“Il maestro e l’infanta” di Alberto Riva sembra un romanzo storico, ma tratteggia più che altro il rapporto fra due spiriti affini, il clavicembalista Domenico Scarlatti e la principessa portoghese Maria Bárbara, poi regina di Spagna. Legati da reciproci sostegno e ammirazione per gran parte della vita, sono raccontati in una storia di non detto dei silenzi e non visibile dei sentimenti, che trasmettono poesia e grazia
Il libro è “travestito” da romanzo storico, ambientato nel Settecento, e, dunque non bisogna lasciarsi ingannare dalle apparenze.

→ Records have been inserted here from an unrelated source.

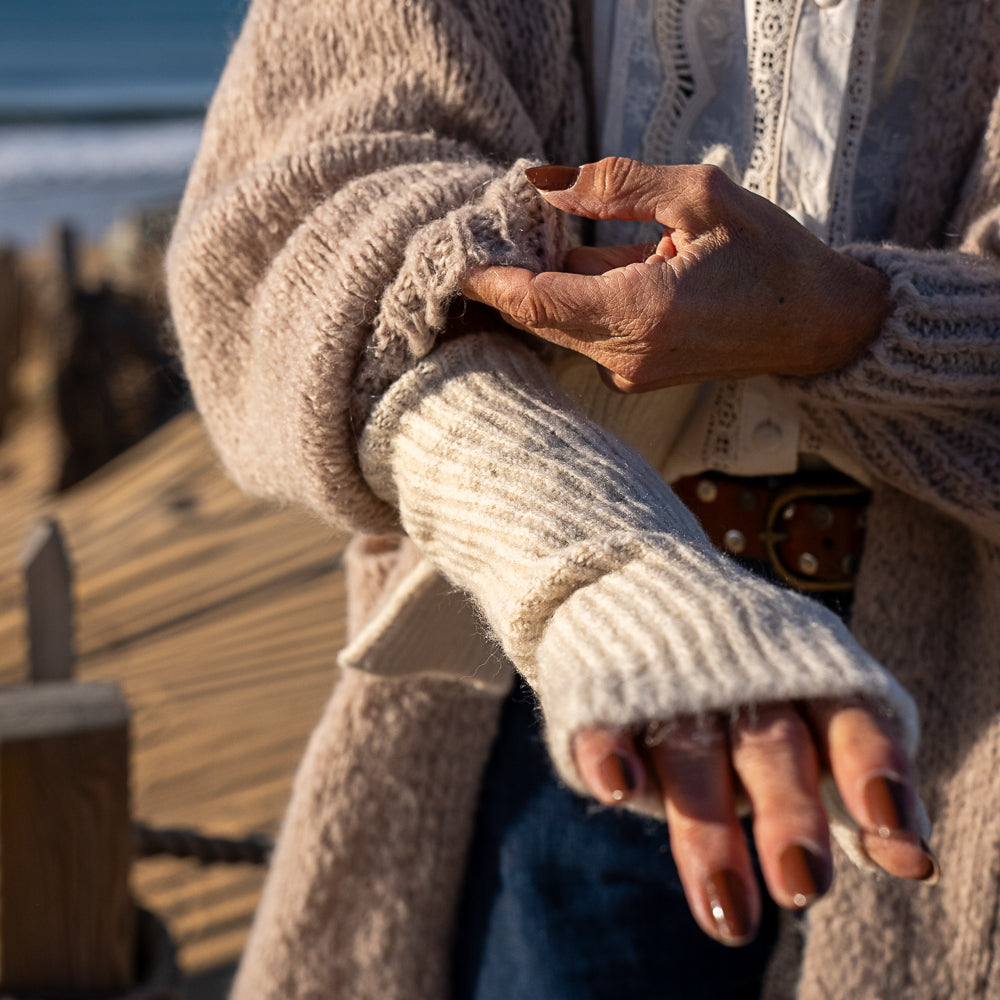 mitaine tricot en laine beige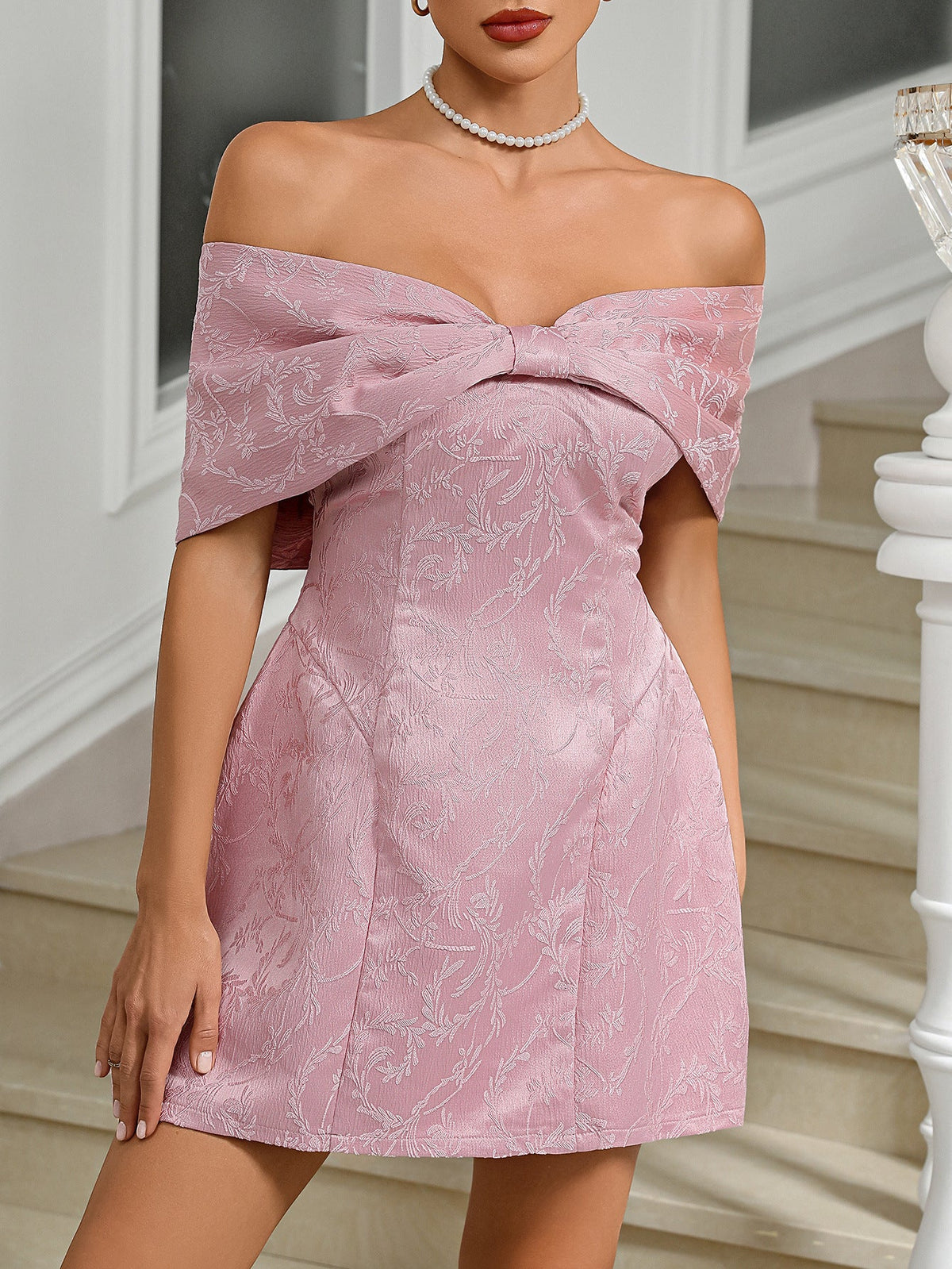 Sexy Backless Embroidered Pink Dress Women Clothing Dress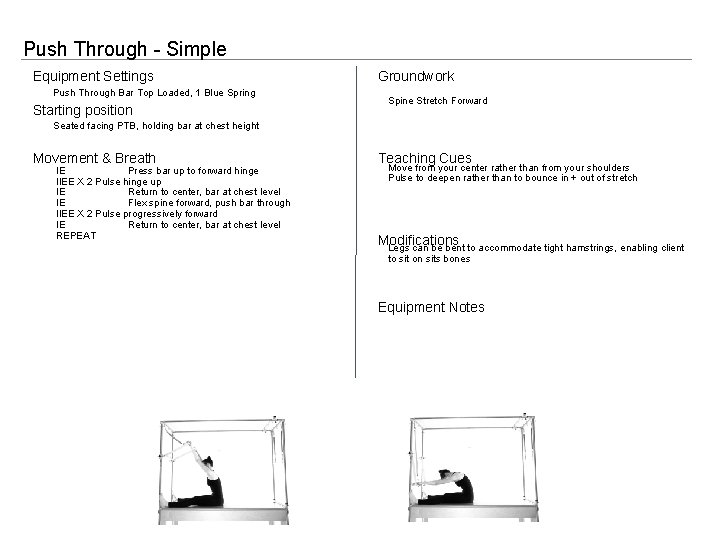 Push Through - Simple Equipment Settings Push Through Bar Top Loaded, 1 Blue Spring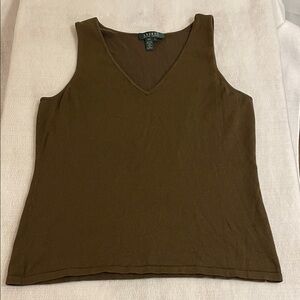 Ralph Lauren Brown V-Neck Tank Top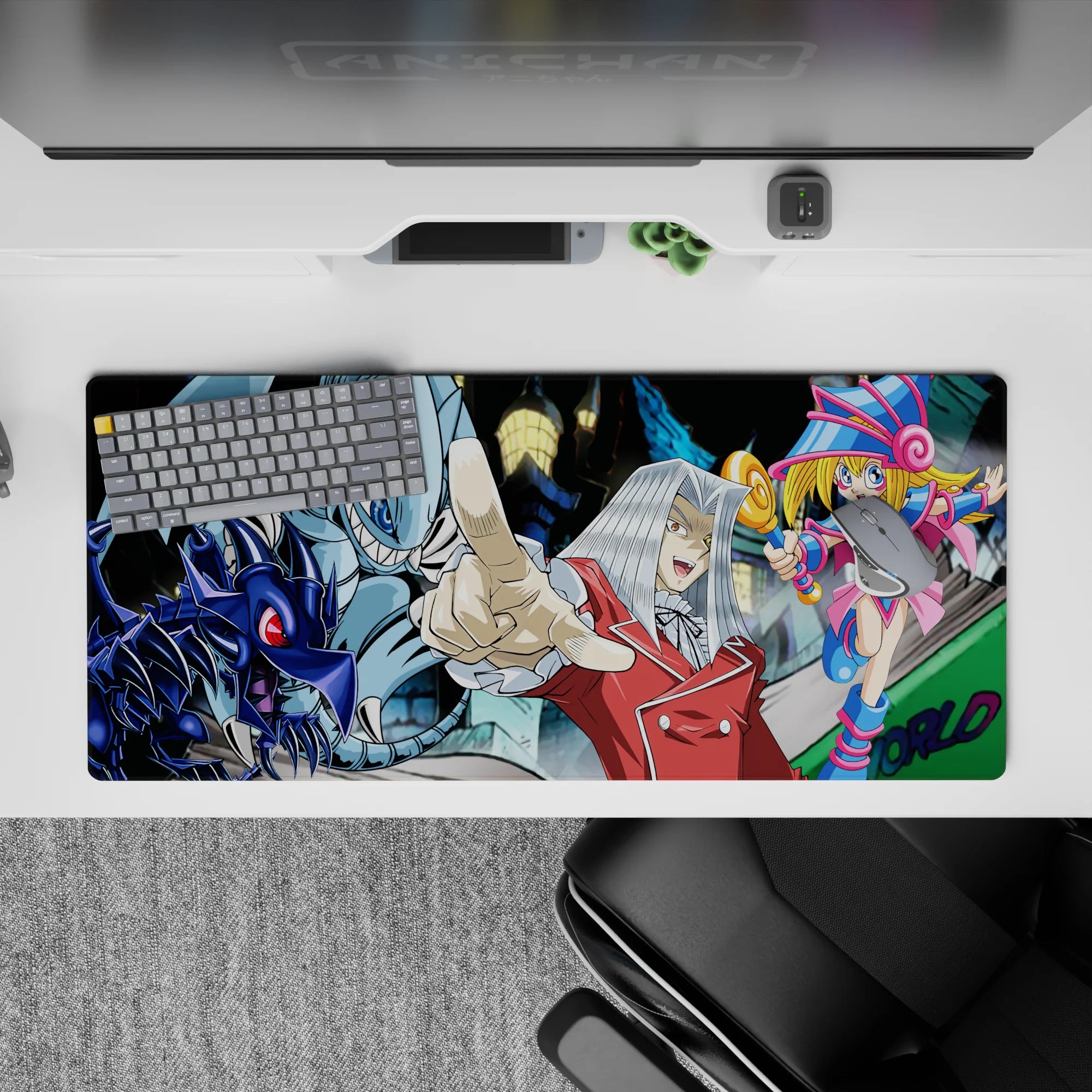 Neon city anime desk pad 36x16 inches in cool blues, hot magentas, glossy blacks, high-speed vibe.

Piuttosto bisogna lasciarsi rapire dalle sliding doors della storia, dal senso di nostalgia da cui è pervasa, dalle rivoluzioni che racconta, dal virtuoso intreccio di letteratura e musica, campi d’attrazione da tempo per Alberto Riva, classe 1970, giornalista e scrittore. Ha due memorabili protagonisti il più recente romanzo di Riva, Il maestro e l’infanta (271 pagine, 18 euro), pubblicato da Neri Pozza. L’infanta Maria Bárbara di Portogallo e il suo precettore musicale, il maestro di cappella Domenico Scarlatti, napoletano, figlio d’arte geniale, misterioso e timido (che fugge dinanzi agli applausi), la cui missione principale, a detta del re lusitano Joāo V di Braganza, più che seguire i progressi musicali del fratello e del figlio, è quella di spazzare le velleità artistiche della primogenita Maria Bárbara. Le cose però andranno diversamente. E la giovanissima, non bella ma anticonvenzionale, sensibile e talentuosa, cambierà il corso delle cose. Lasciando il segno, più avanti, anche da regina di Spagna, consorte di Fernando di Borbone. Centinaia e centinaia di sonate al clavicembalo di Scarlatti hanno attraversato il tempo proprio perché lei volle che fossero rilegate e regalate a Farinelli, una delle più riuscite comparse di queste pagine.
Fra corti e taverne
Poco più che trentenne, Scarlatti giunge in Portogallo. Quella che sarà sua allieva per tutta la vita ha appena nove anni. Gli esercizi composti per lei diventeranno pezzi celebri che lo proietteranno nel futuro, facendolo diventare ancor più noto del padre Alessandro. Riva orchestra i capitoli con ipnotico equilibrio, dialoghi, descrizioni, pensieri, nulla ha il sopravvento, e deliziose sono le divagazioni dall’asse portante della storia: il lettore viene portato nelle taverne e in conciliaboli diplomatici, fra gitani e portuali. Emergono l’amore per la musica di due spiriti affini, l’ammirazione reciproca fra i protagonisti, intimamente malinconici, con Scarlatti consigliere dell’umana e illuminata futura regina spagnola che lo volle accanto a sé, quando abbandonò la casa paterna. Un legame lungo quasi quarant’anni, un’affinità artistica, reciprocamente riconosciuta, scandagliata dal punto di vista psicologico, una creatività, quella del compositore, esplosa negli anni vissuti all’estero, realizzata pienamente nel corso della maturità.
Fantasia e storia
Quello di Riva è un romanzo piacevole e intrigante da leggere, la storia di un sodalizio inquadrato con sguardo analitico e leggermente ironico, in cui il non detto dei silenzi e il non visibile dei sentimenti trasmettono poesia e grazia. La fantasia che l’autore innesta su fatti storici realmente verificatisi va di pari passo con un preciso e robusto andamento narrativo, che non ha cedimenti nei quaranta brevi capitoli più l’epilogo. Un’opera riuscita in cui spiccano con naturalezza, oltre al geniale clavicembalista sempre vestito di nero e alla nobildonna iberica, ciascuna delle figure in scena, anche tratteggiate per poche righe, perfino Renato de Souza, il pappagallo che abitualmente sta sulla spalla di Maria Bárbara e in qualche modo dice la sua nel corso delle lezioni che le impartisce Scarlatti.